1) China’s economy is not just slowing, it is entering a serious correction. The investment bubble that has been driving Chinese growth has popped, and there are no quick “stimulus” fixes left. There is the very real possibility of some form of financial crisis in China before year’s end.2) China is in the midst of a once-in-a-decade leadership transition that has not been going smoothly. The transition will take place, but it has paralyzed the Chinese leadership’s ability to respond to the country’s growing economic troubles. China’s leaders believe time is on their side; they do not “get” how serious and urgent the situation is, and that what has always “worked” is no longer working.3) China’s economic problems spell trouble for the U.S. on several fronts.
- First, China is flirting with devaluing its currency to boost exports—a move that will put it in direct conflict with Mitt Romney’s commitments on this issue.
- Second, China is already dumping excess capacity in steel and other products onto the export market, a tactic that is likely to inflame trade tensions and reinforce imbalances in the global economy.
- Third, in a worst case scenario, China may be tempted to provoke a conflict in the South China Sea to redirect popular discontent onto an external enemy.

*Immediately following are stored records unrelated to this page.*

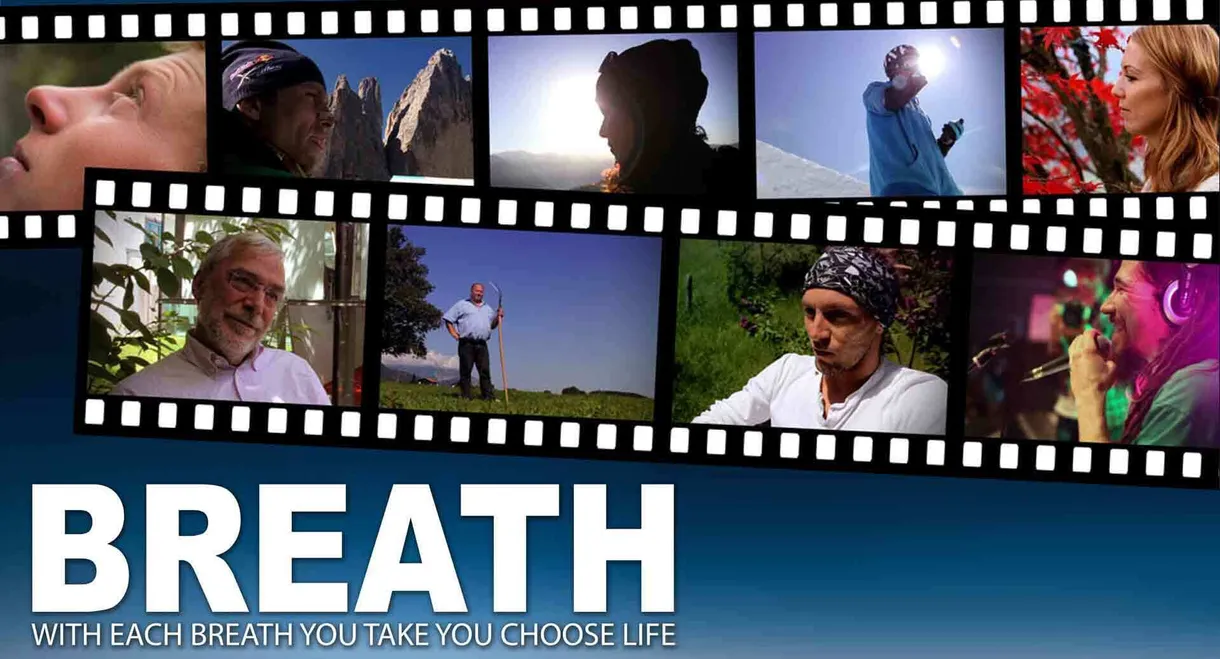 Breath - with each breath you take you choose life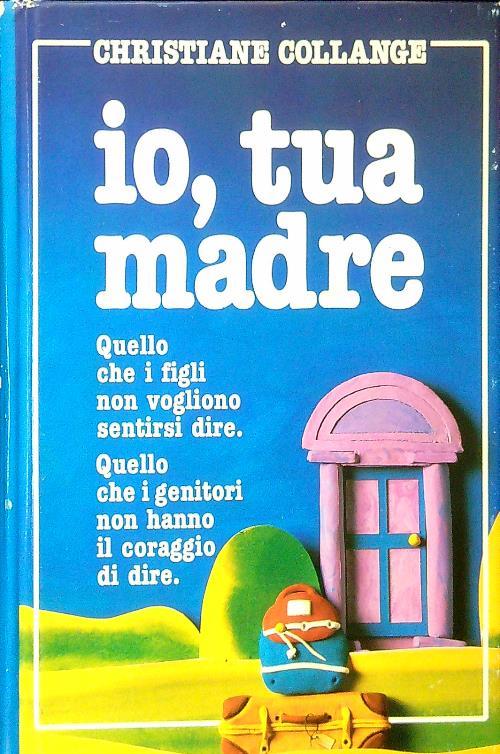 Io, tua madre - Christiane Collange - copertina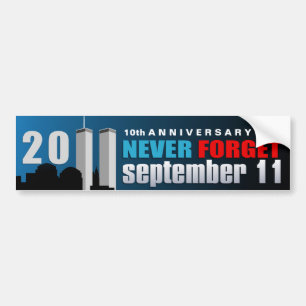 11. September vergessen 9/11 10. Jahrestag nie Autoaufkleber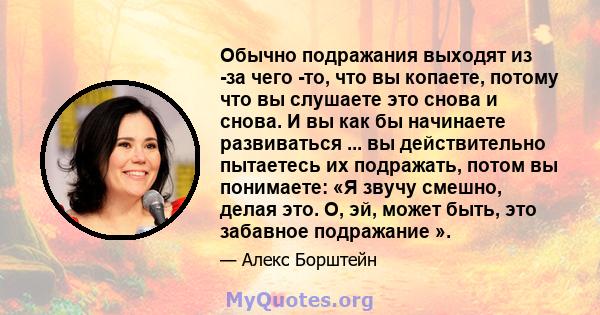 Обычно подражания выходят из -за чего -то, что вы копаете, потому что вы слушаете это снова и снова. И вы как бы начинаете развиваться ... вы действительно пытаетесь их подражать, потом вы понимаете: «Я звучу смешно,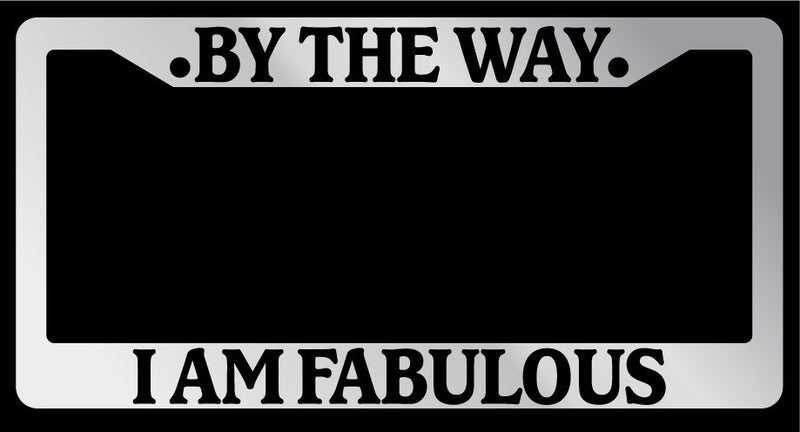 Chrome License Plate Frame By The Way, I am Fabulous Auto Accessory 659  Mod-GRAPH9856236-6093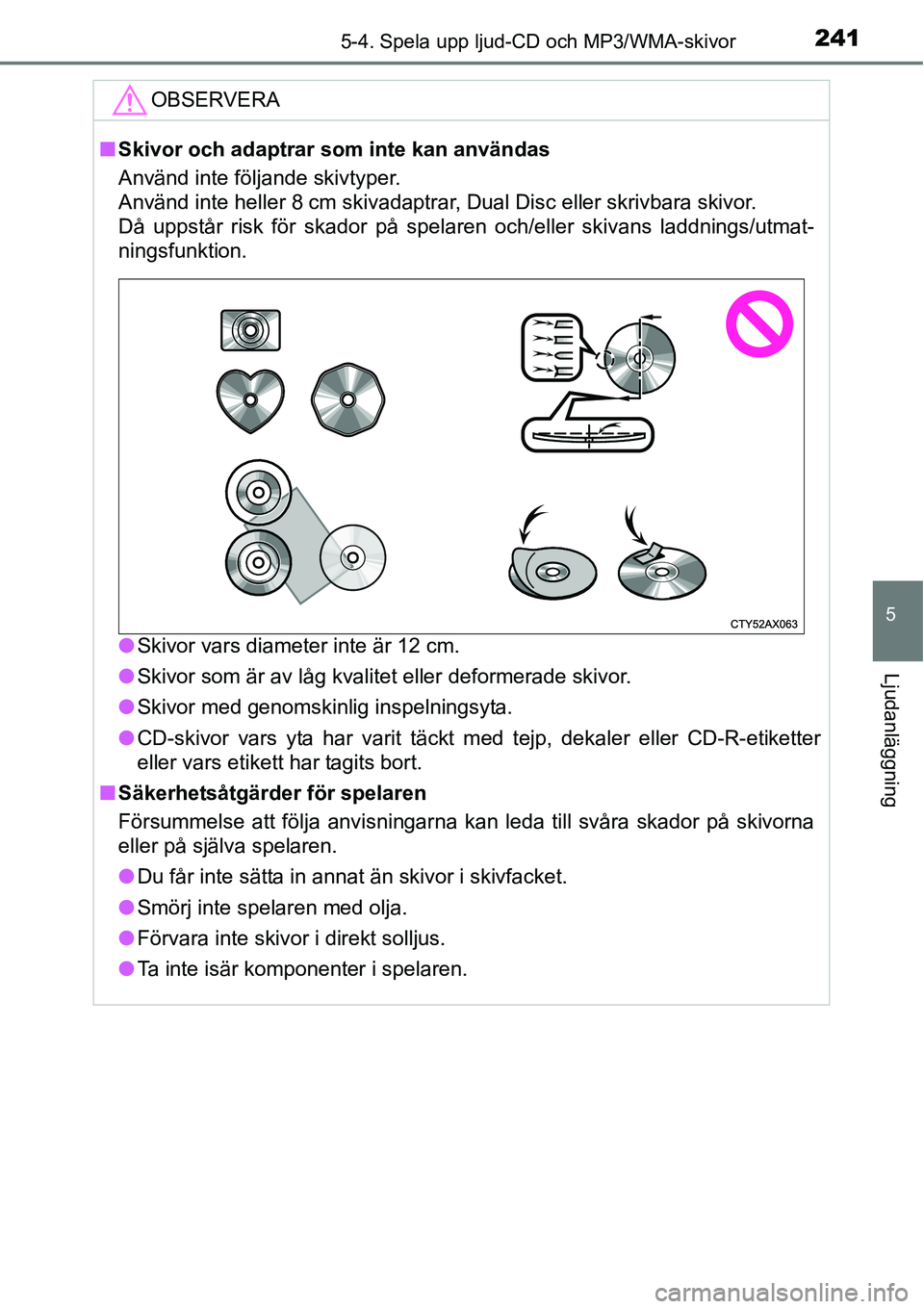 TOYOTA YARIS HATCHBACK 2014  Bruksanvisningar (in Swedish) 2415-4. Spela upp ljud-CD och MP3/WMA-skivor
5
Ljudanläggning
OBSERVERA
■Skivor och adaptrar som inte kan användas
Använd inte följande skivtyper. 
Använd inte heller 8 cm skivadaptrar, Dual Di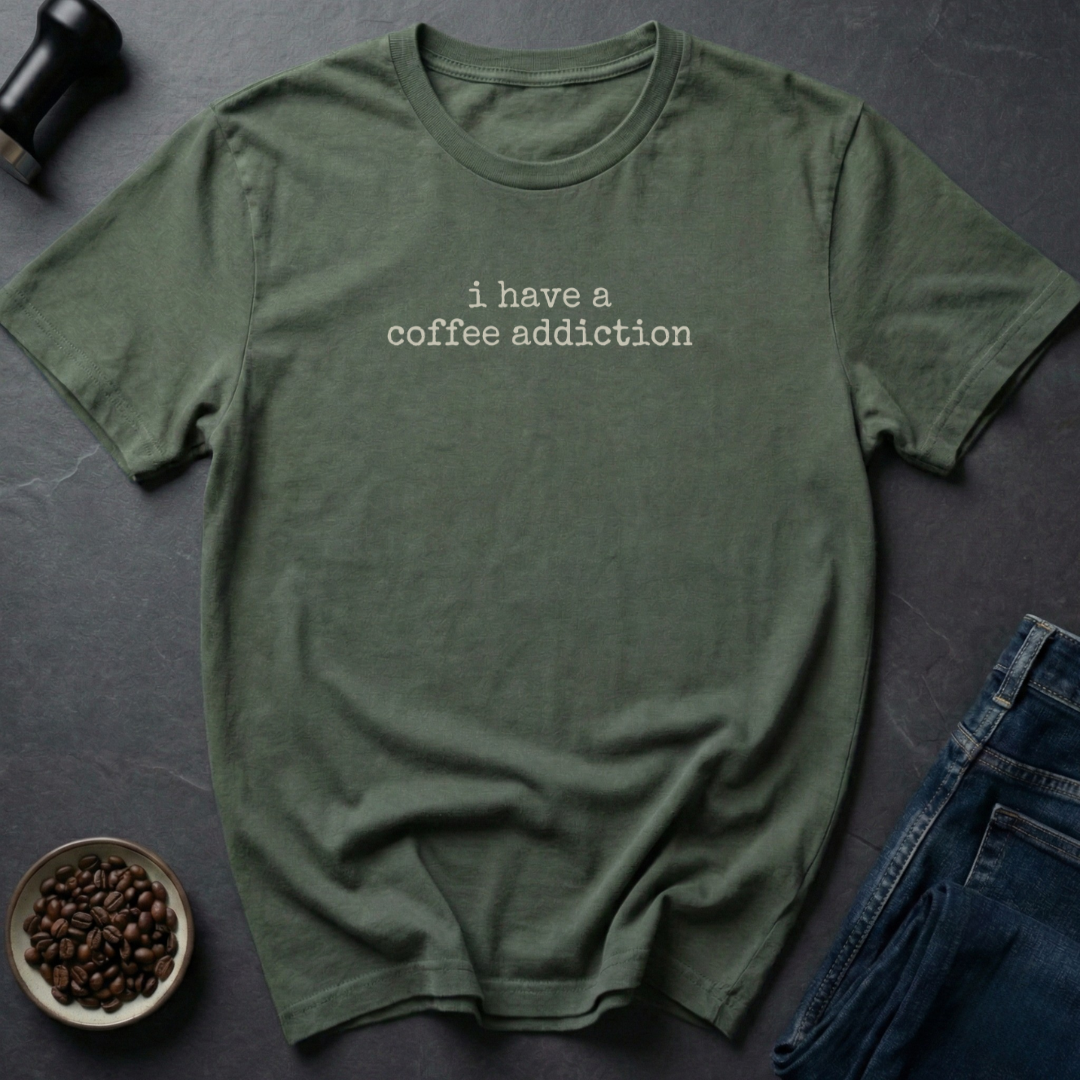 Coffee Addiction T-Shirt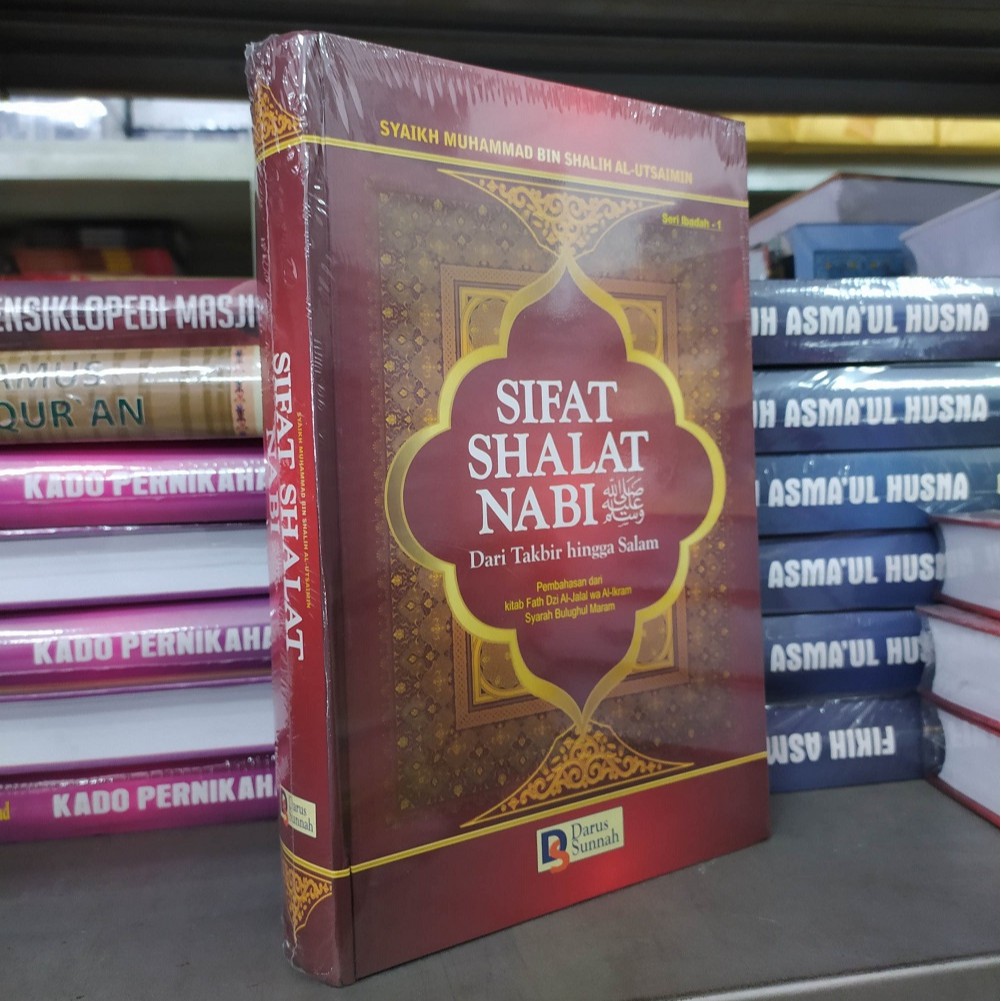 Jual BUKU SIFAT SHALAT NABI DARI TAKBIR HINGGA SALAM - Syaikh Muhammad ...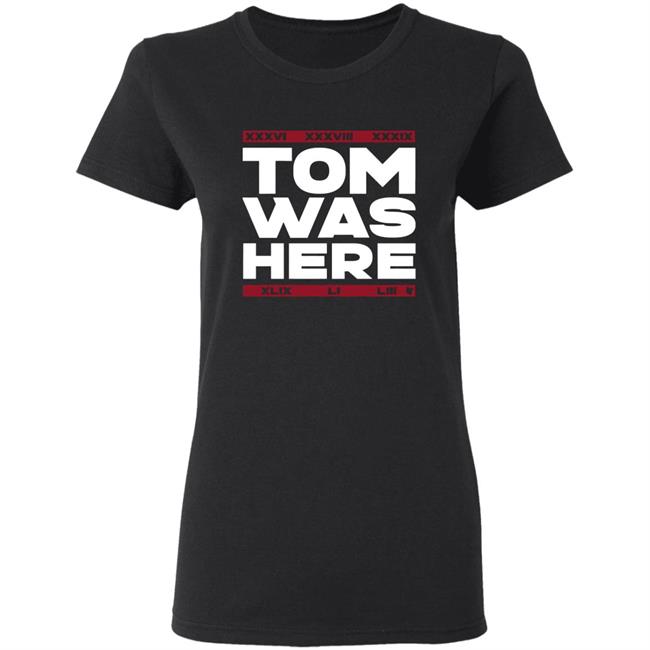 Tom Brady Tom was here shirt Tom Brady Tom was here shirt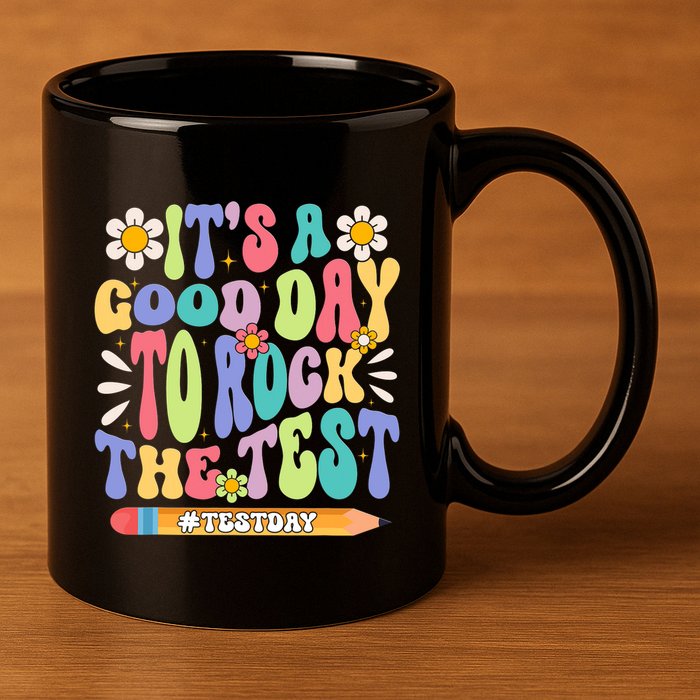 ItS A Good Day To Rock The Test Groovy Testing Motivation 11oz C Handle Ceramic Mug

China has had a run of good luck. But China's leaders do not understand that their good fortune is likely to change, given the level of corruption and outright criminality in high places within the government and country.
Most outside observers remain in a daze, infatuated by China's rapid rise, its rumoured capital reserves, and its rush to build shiny and dazzling -- although largely empty and soon to collapse -- infrastructure.
Investors want to be told how to make a lot of money in China, when that wave may have already broken.